Yes. You get a poisoned lock when some other piece of code triggered a panic while holding the lock. If this happens the world is probably already in a bad state so your best option is to crash the program asap.
It's possible to work with poisoned data and all Rust code is expected to maintain memory-safety in the face of panics, but it could mean some of the assumptions that the rest of your code makes are no longer valid.
For example, let's say you store cached items in a Arc<Mutex<Vec<CachedItem>>> sorted by timestamp and adding new data to the cache is a case of pushing on to the end and calling cache.sort(). If the sort fails midway through because of a dodgy PartialEq implementation then you'll drop the lock while unwinding, leaving a partially sorted cache behind. The next time you try to use the cache, you might find that asking for the most recent value with a particular key doesn't actually give you the most recent value and the end user might refresh their screen and say "wtf, I thought I just changed that field".

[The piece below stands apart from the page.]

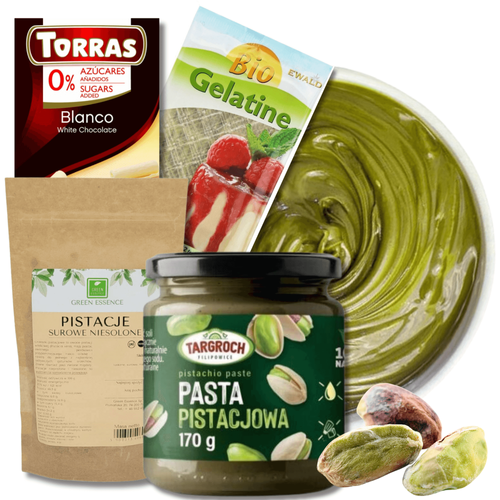 Pistacje surowe 100 g + Pasta pistacjowa Targroch + żelatyna + Czekolada Biała Torras - Zestaw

I don't see any value in propagating poisoning errors because the only way you'll ever deal with them is by a) passing the error up with ? and killing the program, b) ignoring the poison and using the value anyway, or c) fixing the possibly broken invariant then and there (i.e. by re-sorting your cache). Using unwrap() on the error is just like option "a", except we aren't forcing every function up the call stack to return a Result<_, Error> containing an error that can't be resolved.
It does release the lock on panic. It just also sets a poison flag on the mutex to signal that the contents may be in an inconsistent state. You can ignore the poison flag by inspecting the error value.
To be clear, inconsistent is with respect to your own code and your own assumptions about the value. The mutex itself is fine.